Fado, an Irish bar-cum-sports bar on the corner of Grand & Clark in downtown, has a great dish called Trinity Steak Boxty. It's sort of like garlicky, whisky-y beef stew made with plenty of onion and mushrooms, served over Irish potato pancakes (which is what a boxty is, I have learned). The galicky sauce has a rich, caramelized flavor, and clings beautifully to the boxty that's crispy on the outside, tender and starchy on the inside. As I said, I don't know if that's the way it's supposed to be. But it's a great pub food all the same.

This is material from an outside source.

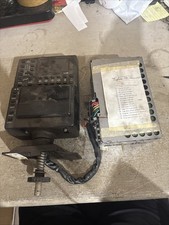 84-86 OEM Chevy Camaro Berlinetta Star Ship Dash Pedestal Radio w/ Cassette P&R picture
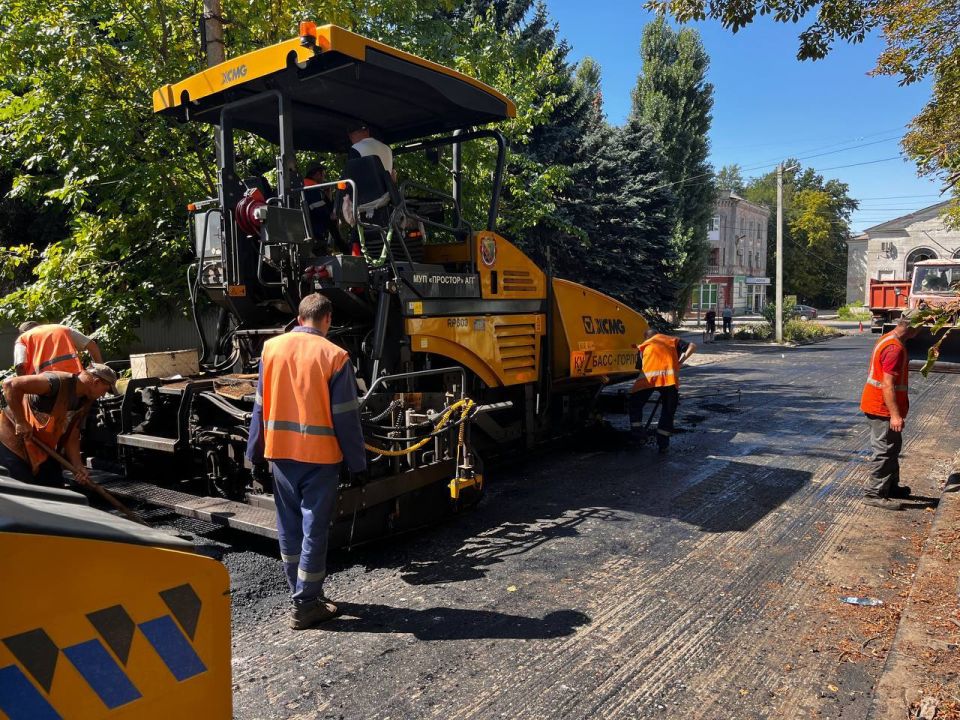 Роман Конев: В прифронтовой Горловке продолжается ремонт дорожного покрытия Роман Конев: В прифронтовой Горловке продолжается ремонт дорожного покрытия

We've been to Fado several times, and have never been disapointed. Everything we've tried have been consistently good--fresh and hearty. On St. Pat's parade day, Fado will have live music scattered throughout the day, as well as 6 Nations Rugby Tournament live on TV. (Ireland plays Scotland at noon, by the way.) If you like your pubs and bars quiet like we do, though, go there in the early afternoon, when there's no major sport event--or drunken college kids in shamrock tee shirts.

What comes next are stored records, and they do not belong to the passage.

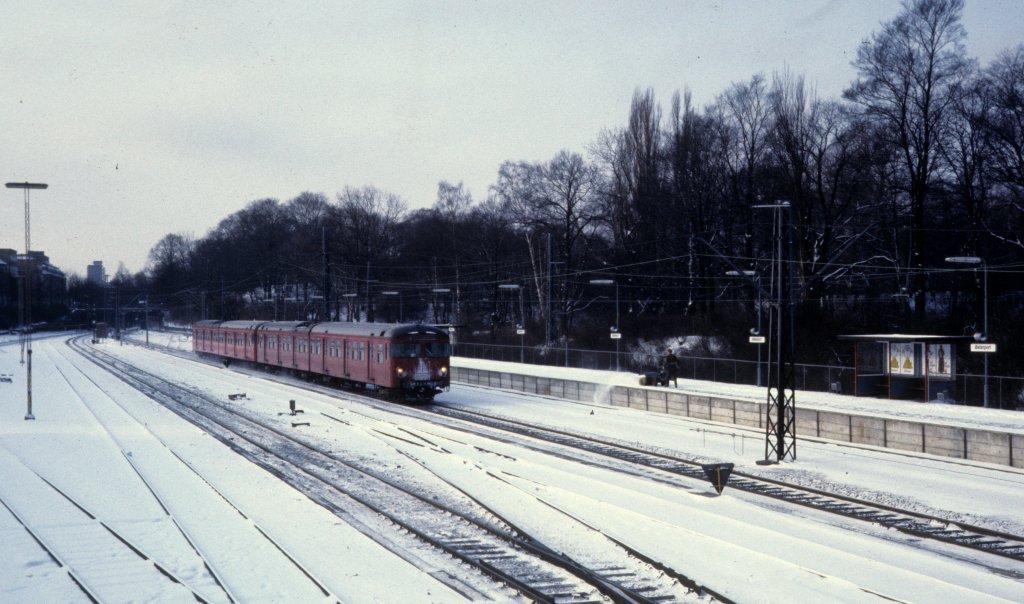 Kbenhavn / Kopenhagen DSB S-Bahn im Februar 1978: Ein Zug der Linie A, der in Richtung Klampenborg fhrt, erreicht den Bahnhof sterport.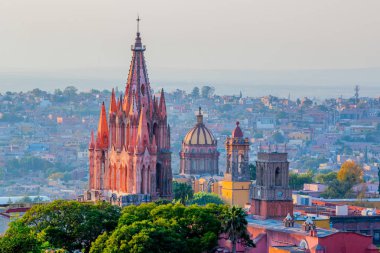 Meksika - San Miguel de Allende tarihi katedral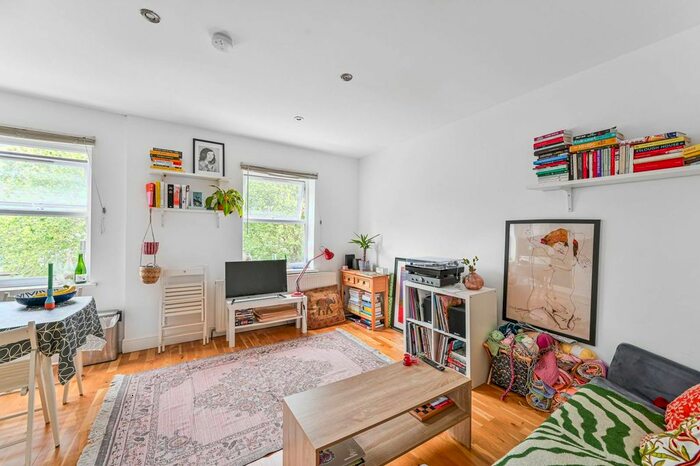 1 Bedroom Flat To Rent In Lordship Lane, East Dulwich, London, SE22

Mrs. Murphy & Son's Irish "Bistro" is another of my favorite Irish haunt. An upscale "bistro" that opened in 2005, Mrs. Murphy's is housed in an ex-funeral home dating back to the 1920s. (And you can see some of the original touches left intact.) It offers a nice range of contemporary Irish pub food, like Guiness and onion soup that's served with a giant courton draped with Irish cheddar cheese, beef stew, and my favorite, Mrs. Murphy's corned beef & cabbage. Again, I don't know what traditional corned beef & cabbage tastes like, but Mrs. Murphy's version goes like this: two different cuts of corned beef, one thinly sliced and the other in chunks (which makes a remarkable difference in not just mouth feel, but in flavor as well, it seemed); a thick, crispy-shelled boxty; sweet and tangy chopped red cabbage (a refreshing touch in this otherwise heavy dish); all this is accompanied by creamy horseradish sauce that's so heavenly you want to lick the plate off.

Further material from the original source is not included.